My grandmother has a new idea. She wants me to wear a t-shirt when I go on dates that says:
I know how to bake bread and apple pie. I’m an amazing balabaste. With me you surly will never know hunger.
It’s a gimmick, for sure, but it just might work. As long as it’s a flattering t-shirt.
Another year has gone by and I’m still single. Often, at this time of year, I think about my singlehood, I feel pretty badly about it, and I hope that in the coming year I’ll meet my beloved.
But this year is different. So much has happened this year and I have so much going on even as I write this, that I hardly have time to focus just on that. There are many matters that are much more pressing.
I see that I am most definitely dealing with issues that are forcing me to grow in very interesting ways, and I am thankful for this. Although I am most definitely sad that I am still alone, I think that I am living a full life.
Even in the dating arena I can’t have many regrets. I am a very proactive dater and as I become more refined over the years – I am like good wine – I understand more about what is important for me and what is not. As a result, this year I dated quite a few guys who were on the right track. As other singles can attest, this is a huge accomplishment.
I have heard the idea that if there is a goal that is very important to you, then you should put a certain amount of time towards it on a daily basis – maybe half an hour a day. Well, I can definitely say that I put at least that amount of time towards this goal. The fact I’m still alone continues to bother me, but I know I’m doing what I can to remedy that and all the meanwhile, I’m involved in a many other good things too.
While I cannot feel too badly about my relationship status, I am feeling very frustrated by my writing. Writing is so important to me but something has created a huge block in me over the last year or so and it isn’t letting up. Yes, I wrote some of my most “successful” pieces this year but I know there is so much more where that came from and I yearn to be getting many more pieces out on a regular bases.
But I have been very down on myself about my writing – my style, my vocabulary… It’s been poisonous the thoughts I’ve been feeding myself.
As a young girl, writing was never considered my thing. On the contrary – my mother always called my spelling creative because it was so far removed from proper spelling. I have come to love writing but am aware of my shortcomings. My lack of vocabulary, my sometimes preachy tone… One of my biggest challenges is the fact that I don’t write about extremely personal things, especially if they involve others, which removes the option of writing about a huge amount of stuff about which I have a ton to say.

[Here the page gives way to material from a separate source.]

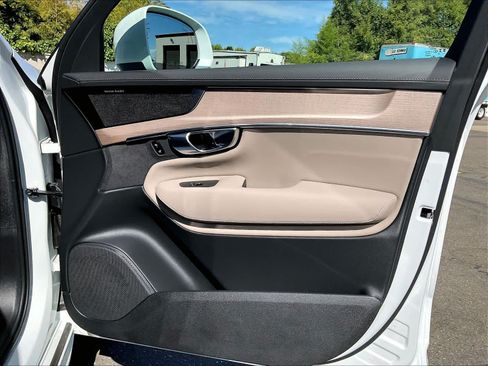 New 2026 Volvo XC90 T8 Plus w/ Protection Package AWD/4WD image 31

It’s been difficult and upsetting. I walk around wishing I could write more but it’s not happening.
And so I know what I want to work on in the new year. Well, besides all the other things. I want to work on seeing the perfection in mediocrity. So often I stop myself from creating something or doing something because I am scared it will be insignificant. So often I do get myself to do things but the actions are accompanied by a great amount of fear because I am scared I’m going to do them imperfectly and possibly cause harm.
Basically I’m scared to act. I push myself and I do a lot of things that are very scary but I know I’d have a real blast if I decided to do my best – the key being “do” – and hope for the best. And whatever comes, let it come.

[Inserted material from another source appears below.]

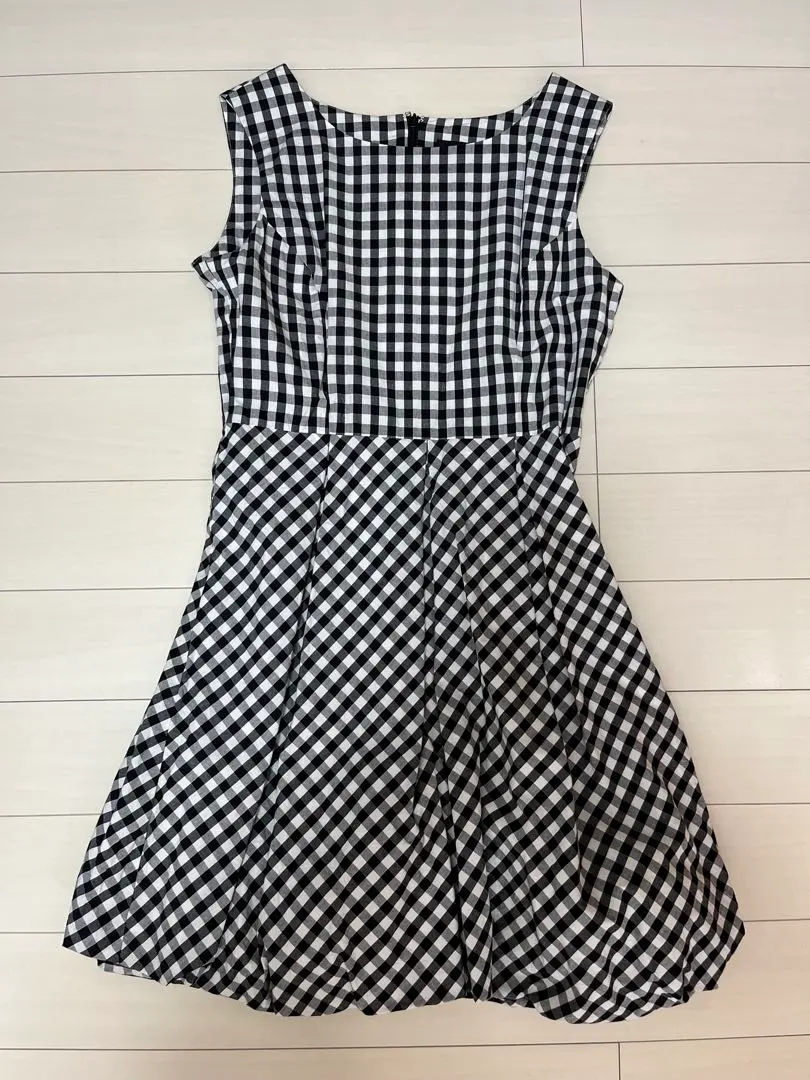 Thumbnail of Balloon dress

It means having faith in my ability to deal with whatever comes… But of course I can do that.
I want to publish posts that aren’t great and be OK with it. I want to then move on to the next post without dwelling on the success of the last one.
I want to hone the skills I know I have and discover the ones I don’t yet know about. And this will happen if I let go of the need for perfection.
I have a belief that unless you are one of the greatest – musicians, artists, writers, actors – you aren’t making a significant change in the world. I want to contemplate what it is that leads me to have this black and white belief and work on throwing it away.
My perfectionism has, to a large extent, frozen me in place. The modern world trains you to believe that perfect is something that exists. For example, I just bought a new computer bag and keep thinking that maybe I should have held out for something better. For something more perfect.
What a waste of energy.
Perfectionism is a freezer. It doesn’t allow me to act because I know the chances of me being perfect are so slim that it’s a lost cause before I even start.
And I want to stop this destructive way of thinking.
I just saw an old woman, being taken on a stretcher out of her building to an ambulance. She seemed lucid; she was looking around. If she is in fact lucid, she could have been thinking many things. But I imagine she was thinking, “How did I get here? I’m not old.”
And she grew up in a time when time went more slowly. Today, time is zipping by quicker than we can grasp. That day is going to come sooner than we realize and we won’t feel old but we’ll be old and that’ll be a simple fact. And maybe we’ll be able to remember facts from our lives and maybe not.
All those things are out of our control. What is in our control is to look at our lives today, see what we have control over, and take action there.
Someone recently taught me that you need to look at a situation and figure out until what point you can have an effect and from what point it is not your responsibility because you simply lack control – even if you lie to yourself that you have it.
I hope to work on all these things this year.
To put it in one short sentence:
והעיקר לא לפחד כלל – the main thing is to not be scared one bit.